### WHAT YOU WILL DO
Keep to one stretch of the data below, the lines from the one with "صالون مع الطاولة والبرادي للبيع 0" up to and including the one with "Photo 3 from", and return that stretch exactly.

Segment Open

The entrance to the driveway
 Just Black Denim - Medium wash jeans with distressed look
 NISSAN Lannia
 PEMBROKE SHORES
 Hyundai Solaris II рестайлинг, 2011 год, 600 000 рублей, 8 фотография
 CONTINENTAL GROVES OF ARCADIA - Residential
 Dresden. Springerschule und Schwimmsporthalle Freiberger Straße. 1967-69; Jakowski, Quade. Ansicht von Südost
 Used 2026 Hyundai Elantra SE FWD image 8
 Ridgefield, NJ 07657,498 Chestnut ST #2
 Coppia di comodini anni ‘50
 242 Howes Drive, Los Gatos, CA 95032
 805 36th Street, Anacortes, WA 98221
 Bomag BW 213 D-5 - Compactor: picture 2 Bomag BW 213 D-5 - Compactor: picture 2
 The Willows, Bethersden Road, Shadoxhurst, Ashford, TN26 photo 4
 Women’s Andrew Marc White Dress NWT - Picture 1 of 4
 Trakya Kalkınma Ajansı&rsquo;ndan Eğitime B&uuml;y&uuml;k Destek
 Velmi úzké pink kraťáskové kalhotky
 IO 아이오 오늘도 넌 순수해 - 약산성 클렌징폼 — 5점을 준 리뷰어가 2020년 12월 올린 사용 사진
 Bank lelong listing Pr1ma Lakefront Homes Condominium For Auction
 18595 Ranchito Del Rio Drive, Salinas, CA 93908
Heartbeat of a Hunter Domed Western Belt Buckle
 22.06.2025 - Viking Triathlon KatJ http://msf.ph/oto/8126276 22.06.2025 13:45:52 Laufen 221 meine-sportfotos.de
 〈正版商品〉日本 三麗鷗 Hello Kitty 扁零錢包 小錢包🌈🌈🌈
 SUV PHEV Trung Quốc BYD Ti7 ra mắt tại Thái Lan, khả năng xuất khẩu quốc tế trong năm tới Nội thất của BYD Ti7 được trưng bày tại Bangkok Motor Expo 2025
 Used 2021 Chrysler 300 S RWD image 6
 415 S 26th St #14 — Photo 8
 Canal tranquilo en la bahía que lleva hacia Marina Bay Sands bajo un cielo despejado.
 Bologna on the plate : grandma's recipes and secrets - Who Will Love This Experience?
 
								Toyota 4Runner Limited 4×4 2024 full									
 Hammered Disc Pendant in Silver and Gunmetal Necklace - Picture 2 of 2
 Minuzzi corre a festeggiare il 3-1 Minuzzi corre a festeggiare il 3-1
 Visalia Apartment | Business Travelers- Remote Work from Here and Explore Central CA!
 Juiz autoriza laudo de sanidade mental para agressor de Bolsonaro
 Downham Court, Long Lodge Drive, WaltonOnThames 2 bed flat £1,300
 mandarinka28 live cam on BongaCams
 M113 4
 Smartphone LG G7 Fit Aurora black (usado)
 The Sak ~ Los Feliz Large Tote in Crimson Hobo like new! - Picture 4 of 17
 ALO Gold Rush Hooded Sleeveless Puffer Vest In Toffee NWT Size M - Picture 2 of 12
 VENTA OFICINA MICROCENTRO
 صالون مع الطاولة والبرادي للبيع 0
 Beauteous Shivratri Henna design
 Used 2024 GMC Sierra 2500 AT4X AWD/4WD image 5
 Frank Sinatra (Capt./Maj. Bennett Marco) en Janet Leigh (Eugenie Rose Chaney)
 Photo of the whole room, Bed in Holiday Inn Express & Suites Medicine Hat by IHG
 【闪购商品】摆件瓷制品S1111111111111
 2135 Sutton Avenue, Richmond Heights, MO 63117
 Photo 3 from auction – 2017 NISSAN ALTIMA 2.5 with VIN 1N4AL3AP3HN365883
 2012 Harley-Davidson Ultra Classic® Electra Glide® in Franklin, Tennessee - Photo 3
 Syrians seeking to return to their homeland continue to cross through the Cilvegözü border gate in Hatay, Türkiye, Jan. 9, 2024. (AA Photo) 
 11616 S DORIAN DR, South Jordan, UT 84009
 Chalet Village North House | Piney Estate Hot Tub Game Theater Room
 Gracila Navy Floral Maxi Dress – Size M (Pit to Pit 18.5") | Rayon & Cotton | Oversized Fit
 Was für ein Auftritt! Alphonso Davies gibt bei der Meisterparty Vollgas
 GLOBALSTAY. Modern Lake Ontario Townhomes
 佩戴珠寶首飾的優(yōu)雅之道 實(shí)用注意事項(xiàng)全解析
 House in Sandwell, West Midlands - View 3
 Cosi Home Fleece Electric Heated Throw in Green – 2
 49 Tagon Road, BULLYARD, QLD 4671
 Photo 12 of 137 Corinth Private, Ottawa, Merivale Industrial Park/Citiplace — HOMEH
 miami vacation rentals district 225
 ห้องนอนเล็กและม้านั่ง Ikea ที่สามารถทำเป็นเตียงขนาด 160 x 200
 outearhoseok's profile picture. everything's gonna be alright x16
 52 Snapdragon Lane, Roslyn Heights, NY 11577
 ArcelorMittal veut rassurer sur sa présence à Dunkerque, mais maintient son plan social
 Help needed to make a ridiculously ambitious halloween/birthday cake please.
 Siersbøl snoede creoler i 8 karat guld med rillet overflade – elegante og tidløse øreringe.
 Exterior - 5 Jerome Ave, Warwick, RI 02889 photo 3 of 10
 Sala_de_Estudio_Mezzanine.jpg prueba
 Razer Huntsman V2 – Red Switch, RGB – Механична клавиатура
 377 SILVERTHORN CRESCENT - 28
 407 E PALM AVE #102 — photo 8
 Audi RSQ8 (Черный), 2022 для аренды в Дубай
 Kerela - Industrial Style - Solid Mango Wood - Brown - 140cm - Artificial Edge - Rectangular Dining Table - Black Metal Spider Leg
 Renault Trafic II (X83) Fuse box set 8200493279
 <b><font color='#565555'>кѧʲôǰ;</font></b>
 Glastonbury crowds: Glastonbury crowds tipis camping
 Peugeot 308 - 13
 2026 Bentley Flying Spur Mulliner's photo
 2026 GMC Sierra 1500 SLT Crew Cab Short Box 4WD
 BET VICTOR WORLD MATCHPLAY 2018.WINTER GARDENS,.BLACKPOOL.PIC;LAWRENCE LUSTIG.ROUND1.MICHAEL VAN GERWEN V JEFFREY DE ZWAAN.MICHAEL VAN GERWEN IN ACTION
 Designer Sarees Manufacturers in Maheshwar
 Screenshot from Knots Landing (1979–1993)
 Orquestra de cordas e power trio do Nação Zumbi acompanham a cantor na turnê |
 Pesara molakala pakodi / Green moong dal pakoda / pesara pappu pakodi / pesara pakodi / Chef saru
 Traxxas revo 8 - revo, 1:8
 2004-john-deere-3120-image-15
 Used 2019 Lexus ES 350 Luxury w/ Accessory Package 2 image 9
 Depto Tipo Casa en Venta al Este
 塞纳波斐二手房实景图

Segment Closed

### ANSWER SECTION
 صالون مع الطاولة والبرادي للبيع 0
 Beauteous Shivratri Henna design
 Used 2024 GMC Sierra 2500 AT4X AWD/4WD image 5
 Frank Sinatra (Capt./Maj. Bennett Marco) en Janet Leigh (Eugenie Rose Chaney)
 Photo of the whole room, Bed in Holiday Inn Express & Suites Medicine Hat by IHG
 【闪购商品】摆件瓷制品S1111111111111
 2135 Sutton Avenue, Richmond Heights, MO 63117
 Photo 3 from auction – 2017 NISSAN ALTIMA 2.5 with VIN 1N4AL3AP3HN365883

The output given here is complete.